Halaman

Kamis, 10 Januari 2013

Irelevansi dan Relevansi Dalam Ilmu Sosial dan Tawaran Konseptualisasi Untuk Mendamaikannya


Nama   : Akhmad Ryan Pratama
NIM    : 12/339260/PSA/07260
            Apa yang ditulis dalam bab 6 buku ini membahas mengenai  fakta empiris bahwa ilmu social dan humaniora yang berkembang dalam masyarakat dunia ke tiga atau masyarakat berkembang semuanya berasal dari prngaruh hagemoni pemikir-pemikir colonial. Sehingga menurut Alatas ilmu-ilmu tersebut menimbulkan masalah relevansi disiplin-disiplin dalam dunia ketiga. Dalam bab 6 ini Alatas melakukan analisis terhadap kepentingan-kepentingan colonial dan postcolonial terhadap irelevansi ilmu social di dunia ke tiga. Seperti penanaman disiplin ilmu dan pengadopsian agenda riset barat di negara-negara berkembang telah menimbulkan reaksi dikalangan dunia ketiga, yang mempersoalkan relevansinya di negara-negara berkembang. Bagaimana setelah ilmuwan di negara berkembang mengaplikasikan konsep keilmuwan barat tersebut dan ternyata hasil yang dicapai tidak sesuai dengan yang diharapakan karena timbulnya irelevansi konsep.
            Disiplin-disiplin ilmu telah didehumanisasikan dan sudah sangat menyimpang dari realiatas dimana ilmu tersebut diaplikasikan, pengaplikasian sebuah metodologi penelitian yang ada dalam disiplin ilmu bukannya malah menyeleasaikan permasalahan namun malah menambah permasalahan baru.
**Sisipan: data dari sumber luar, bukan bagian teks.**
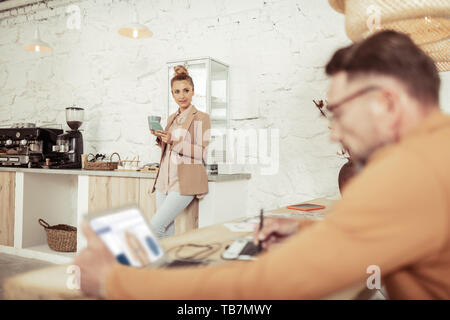 Pausa caffè. Bella Donna che mantiene il suo smartphone e una tazza di caffè in piedi vicino alla macchina del caffè e guardando il suo boss. Foto Stock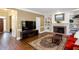 The living room features a brick fireplace, built-in shelving, and hardwood floors at 131 Helmswood Sw Cir, Marietta, GA 30064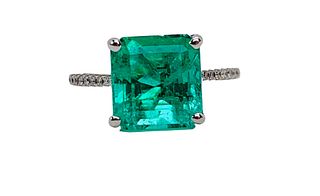 An Emerald And Diamond Engagement Ring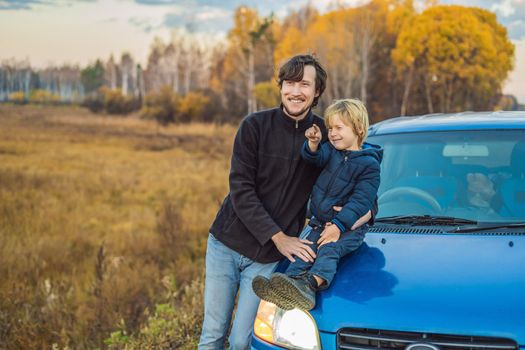 Dad and son are resting on the side of the road on a road trip. Road trip with children concept.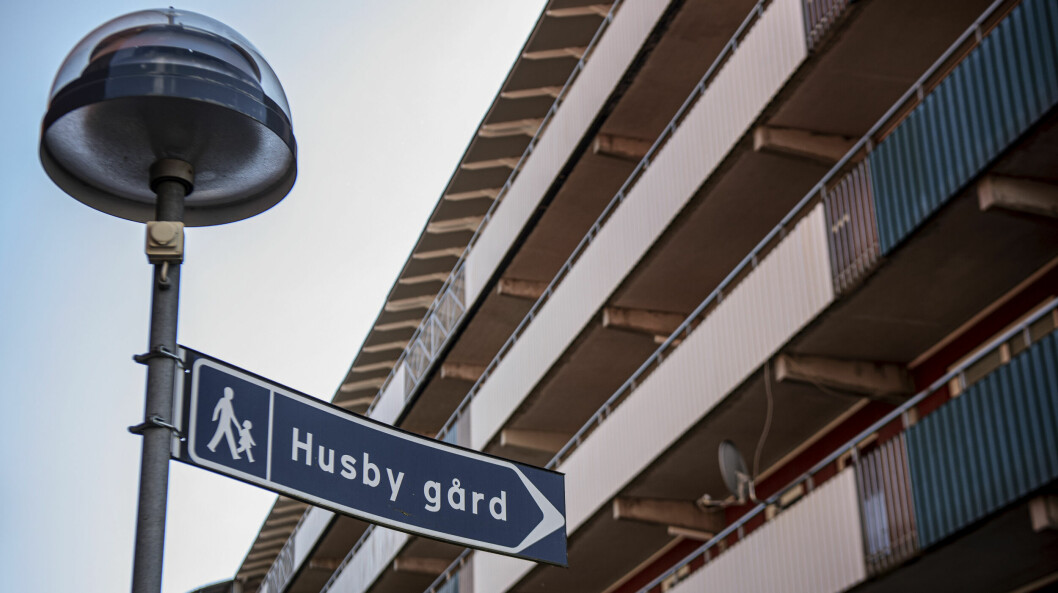 <strong>Bara ett par hundra meter från förskola och skola sköts en man till döds.</strong> Skylt och balkonger i förorten Husby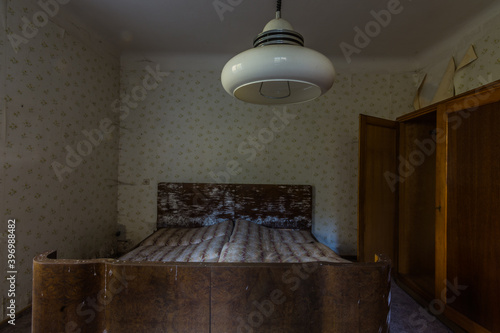 moldy wooden bed and large lamp in a old abandoned house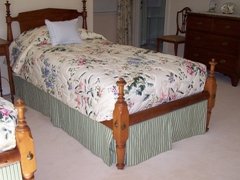 Outline quilted coverlet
Seakan-akan ilmu terlepas atau semakin dijauhkan dengan manusia dan lingkuangannya sebagai objek kajian dari ilmu itu sendiri. Seperti apa yang ditulis oleh Gunnar Myrdal dalam bukunya yang berjudul, “Bangsa-Bangsa Kaya dan Miskin”. Buku tersebut menurut saya salah satu bentuk upaya Myrdal melakukan dekonstruksi terhadap realita ekonomi yang terjadi terhadap negara-negara berkembang. Walaupun menurut saya tulisan Myrdal ini sudah sangat tidak faktual apabila dihubungkan dengan kondisi perekonomian dunia saat ini sangat tidak relevan dimana Eropa dan Amerika mengalami kelesuhan ekonomi dan China muncul sebagai kekuatan baru perekonomian dunia.
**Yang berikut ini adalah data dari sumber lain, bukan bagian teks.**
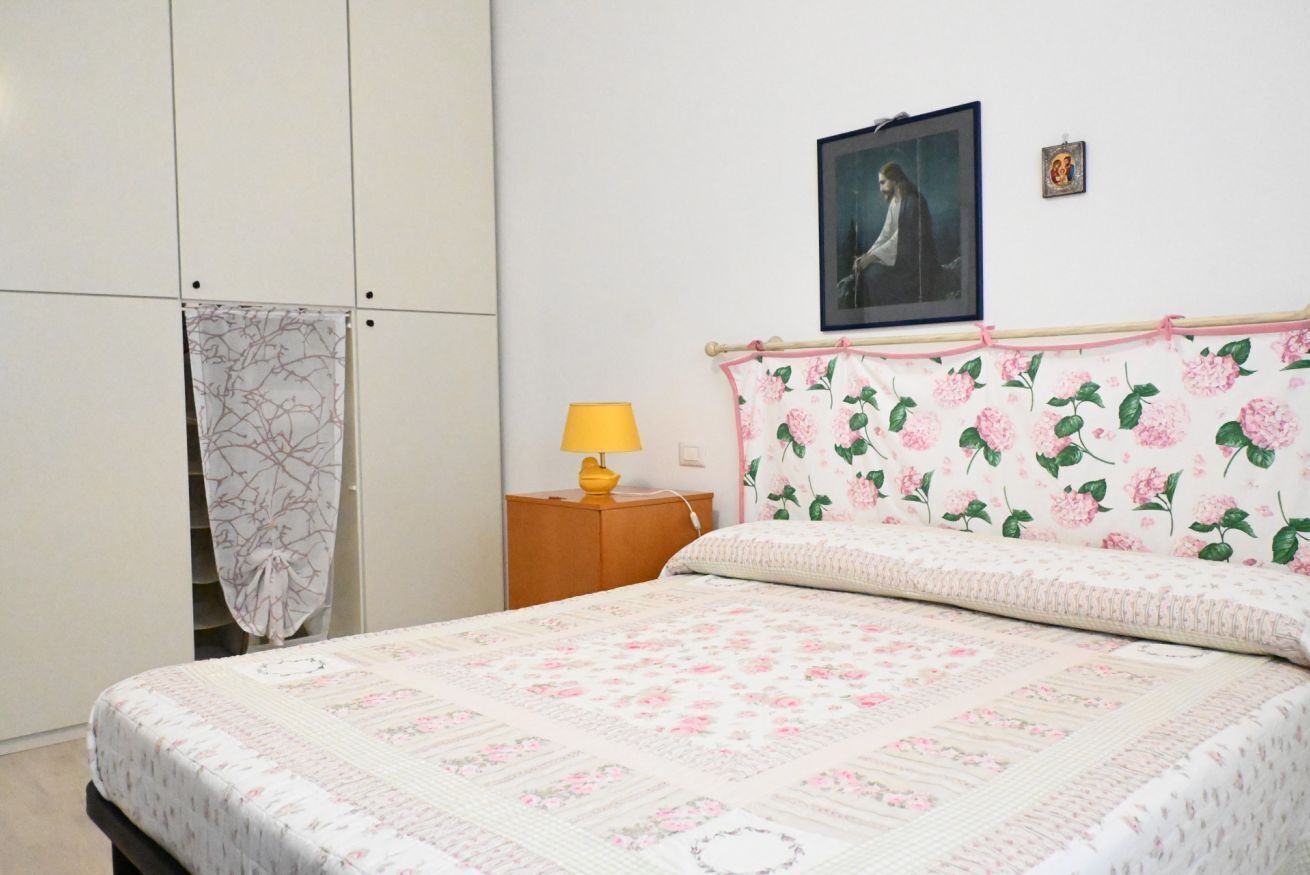 A bedroom with a bed, a nightstand with a lamp, a wardrobe, a framed picture on the wall, and a floral-patterned headboard.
Tulisan Myrdal merupakan suatu tinjauan yang sangat kritis bagaimana setelah Perang Dunia II berakhir muncullah negara-negara baru yang merdeka terlepas dari penjajahan negara-negara Barat yang kaya. Negara-negara berkembang tersebut memiliki taraf hidup yang rendah dan perekonomian yang terbelakang, dan memiliki berbagai macam permasalahan dari pertambahan jumlah penduduk yang sangat besar tanpa adanya peningkatan kesejahteraan yang sebanding dengan jumlah peningkatan penduduk, sehingga tingkat kemiskinan masih sangat besar. Jarak antara si kaya dan si miskin juga terbentang sangat jauh. Dalam buku ini Myrdal melakukan analisisinya setelah Perang Dunia II berhasil, terdapat 3 analisis ekonomi yang menurut saya sangat penting yang dapat diambil dalam buku ini, yang pertama ialah Dunia ini hanya oleh sedikit negara-negara yang (sangat) kaya dan sejumlah besar negara-negara yang sangat miskin. Kesimpulan kedua yang disampaikan Myrdal dalam buku ini ialah bahwa pondasi perkembangan ekonomi negara-negara kaya sangat stabil dan terus berjalan, sedangkan pondasi negara-negara berkembang tidak jelas dan terkadang perkembangan ekonominya berhenti. Kesimpulan terakhir yang ingin disampaikan Myrdal ialah bahwa jurang ketidakmerataan ekonomi anatara negara-negara maju dan negara-negara berkembang semakin bertambah besar, Myrdal menerapkan kritik yang sangat keras bagaimana mungkin konsep teori ekonomi Barat diterapkan di negara-negara berkembang yang memiliki kondisi serta latar belakang yang berbeda dengan negara-negara Maju. Akibat dari penerapan teori-teori ekonomi yang sangat tidak relevan apabila diterapkan di negara-negara berkembang. Secara keseluruhan apa yang ditulis Myrdal merupakan upaya dekolonialisasi terhadap hagemoni teori-teori ekonomi kolonial, dan menyadarkan para ilmuwan (khususnya dibidang ekonomi) di negara berkembang agar melakukan refleksi dan mulai mengatur serta menerapkan kebijakan ekonomi mereka tidak terlalu terpaku kepada teori-teori ekonomi Barat, namun juga harus memprioritaskan untuk mempertimbangkan realitas yang terjadi serta nilai-nilai lokal yang dihadapi dalam mengambil sebuah kebijakan ekonomi.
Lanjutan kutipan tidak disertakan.